As of July 31, 2020, GSCP Advisors and GS Capital may each be deemed to beneficially own an aggregate of 3,126,846 shares of Common Stock, consisting of 25,014.7718
shares of Series D Preferred Stock acquired by the GS Investors on the Recapitalization Closing Date, which are convertible by a holder, other than the Reporting Persons or their affiliates, that receives such shares in a Widely Dispersed Offering
into 3,126,846 shares of Common Stock, representing in the aggregate approximately 4.3% of the outstanding Common Stock.

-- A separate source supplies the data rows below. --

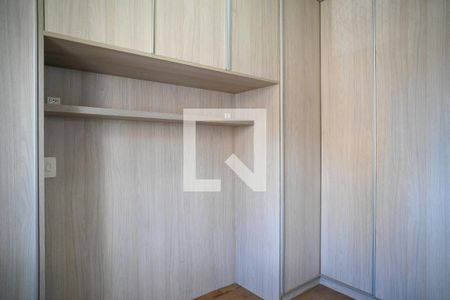 Apartamento para alugar com 69m², 3 quartos e 1 vaga Apartamento para alugar com 69m², 3 quartos e 1 vagaQuarto 2 - Suite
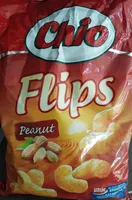 Flips Chio
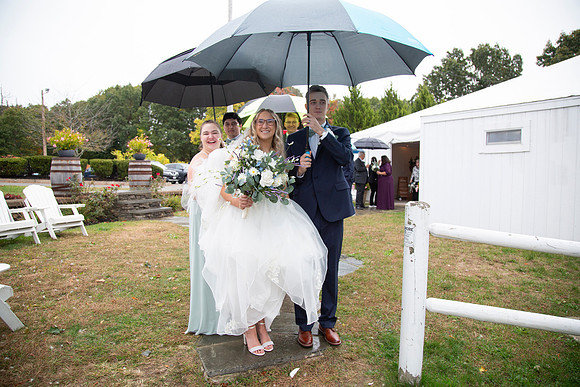 Emily&Zach00448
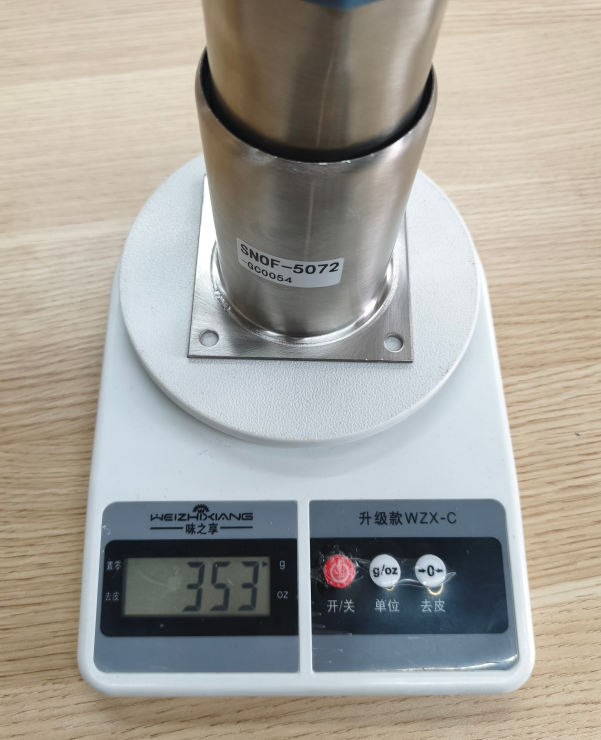 SNOF-5072-GC0054 (4)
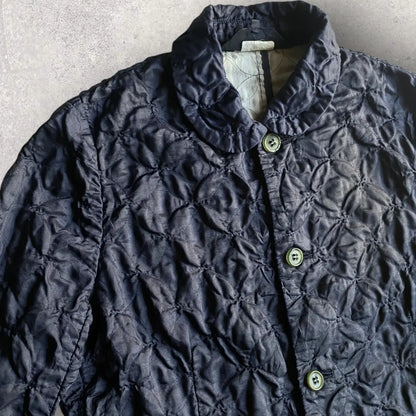 Comme des Garcons - Garment Dye Jacket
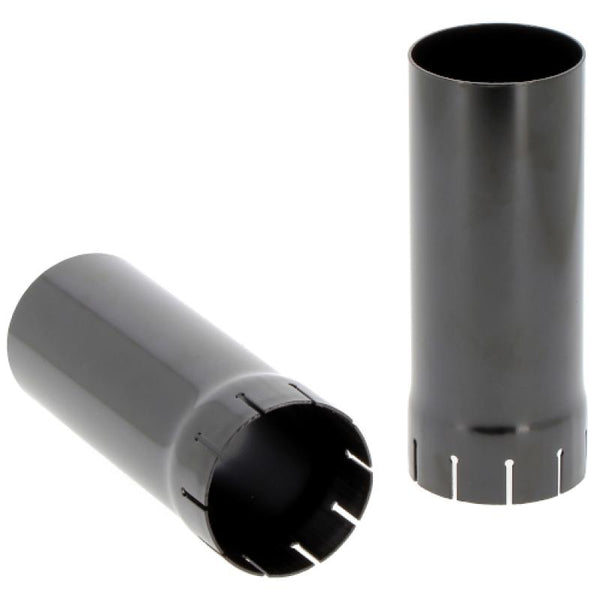 HiFi Filter SAT 01SAM114001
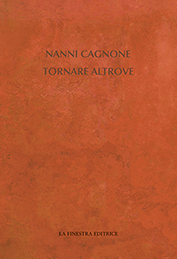 tornare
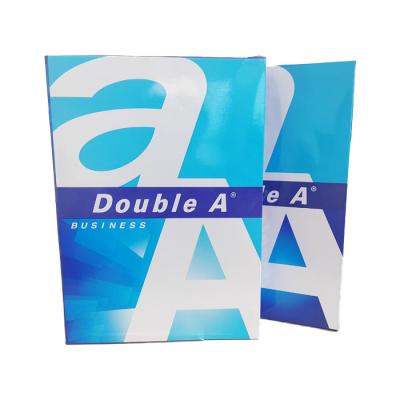 China Printing A4 letter paper 80 GSM paper 70 grams A4 copy paper 100% pulp for sale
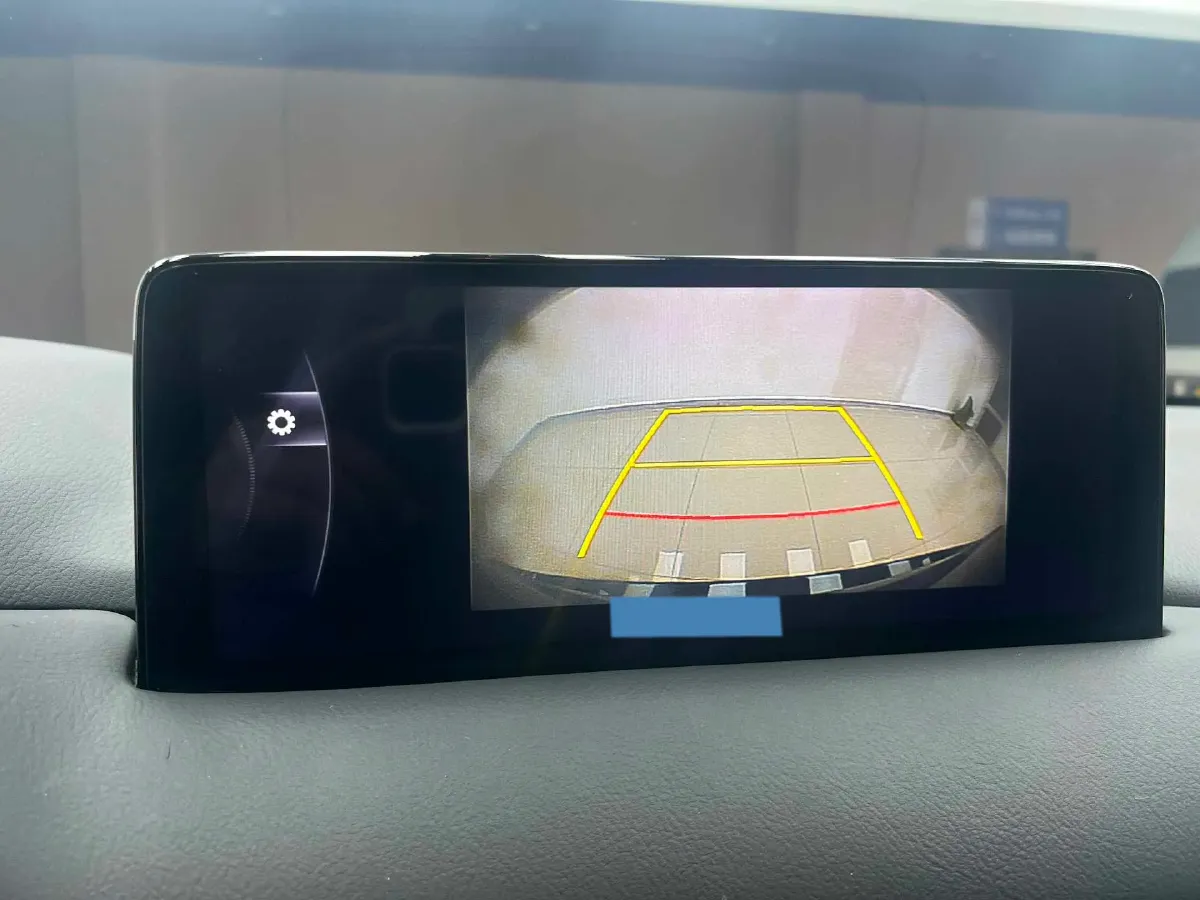 2022 MAXUS XinTu V90 2.0T 150HP L4 6AT,autocango,china used car exporter,china ev exporter,chinese used car exporter,chinese used ev exporter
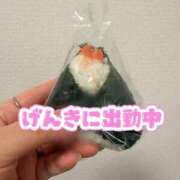 ヒメ日記 2026/03/18 13:52 投稿 ちょこ Hip's千葉駅前店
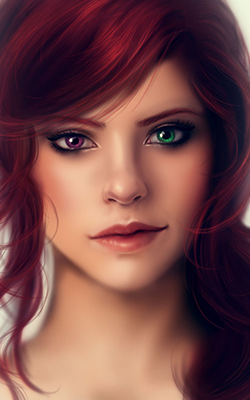 Avatar du membre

As of July 31, 2020, GSCP Offshore Advisors and GS Offshore may each be deemed to beneficially own an aggregate of 2,600,801 shares of Common Stock, consisting of
20,806.4082 shares of Series D Preferred Stock acquired by the GS Investors on the Recapitalization Closing Date, which are convertible by a holder, other than the Reporting Persons or their affiliates, that receives such shares in a Widely Dispersed
Offering into 2,600,801 shares of Common Stock, representing in the aggregate approximately 3.6% of the outstanding Common Stock.
As of July 31, 2020, GS Advisors may be deemed to beneficially own an aggregate of 970,597 shares of Common Stock, consisting of 7,767.6616 shares of Series D
Preferred Stock acquired by the GS Investors on the Recapitalization Closing Date, which are convertible by a holder, other than the Reporting Persons or their affiliates, that receives such shares in a Widely Dispersed Offering into 970,597 shares
of Common Stock, representing in the aggregate approximately 1.3% of the outstanding Common Stock.
As of July 31, 2020, GS Parallel may be deemed to beneficially own an aggregate of 859,829 shares of Common Stock, consisting of 6,878.6355 shares of Series D
Preferred Stock acquired by the GS Investors on the Recapitalization Closing Date, which are convertible by a holder, other than the Reporting Persons or their affiliates, that receives such shares in a Widely Dispersed Offering into 859,829 shares
of Common Stock, representing in the aggregate approximately 1.2% of the outstanding Common Stock.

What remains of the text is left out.